Consumer Confidence Dipped Unexpectedly In June

According to the Conference Board, consumer confidence in June dipped unexpectedly, and that's supposed to be the cause for today's sizeable dip in the stock market.

The Conference Board Consumer Confidence Index™ Retreats (6/30/09 The Conference Board)

The Conference Board Consumer Confidence Index is based on a monthly survey of 5,000 U.S. households. The Conference Board says in the above announcement that consumer sentiment soured in all parameters:

  • Consumer Confidence Index in June was 49.3, down from 54.8 in May
  • Present Situation Index in June was 24.8, down from 29.7 in May
  • Expectation Index in June was 65.5, down from 71.5 in May
Consumers' assessment of present and future situations in business conditions and job prospect deteriorated, with increasing number of people answering conditions are bad/will get worse, while number of people answering conditions are good/will get better decreased.

But wait, haven't we been told that consumer confidence is a lagging indicator, along with unemployment data? We've been told over and over again that these two indicators remain bad even after the underlying economy has turned around. So why worry if the numbers are bad?

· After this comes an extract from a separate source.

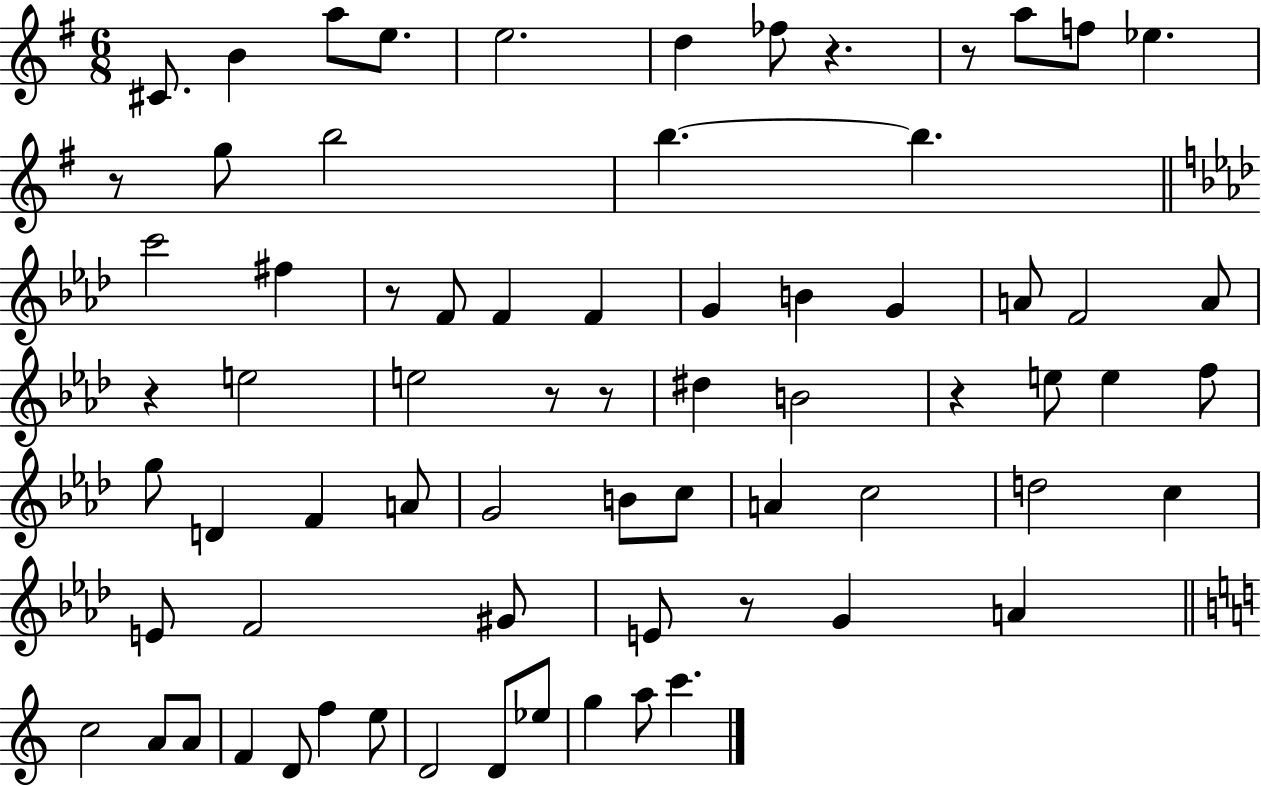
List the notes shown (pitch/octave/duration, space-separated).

I personally believe that an effort to relate economic news of the day to the day's stock market movement is utterly futile. Economic numbers, whether they are unemployment numbers or quarterly GDP numbers, are interpreted by market participants AFTER the fact. Let's say unemployment number is announced and it's bad, or worse than expected. But for some reason that day the market goes up. The commentary at day's end is "The market looked past the unemployment number, which is a lagging indicator...". If the market goes down, then the commentary becomes "The market went down amid worries about deepening recession..."

So far today, it's the latter. Articles written about consumer confidence as of mid-day all take the latter tone. If for any reason the market turns around and ends up green, the end of the day articles will say the former, "The stock market looked past worsened consumer confidence in June..."

The market does what it wants to do (or what its big participants want it to do - have you seen this from Zero Hedge?). As of 9:50 AM PST, Dow Jones Industrial Average is down 108 to 8,421 (-1.26%), S&P 500 is down 11 to 916 (-1.19%), Nasdaq is down 13 to 1,830 (-0.73%).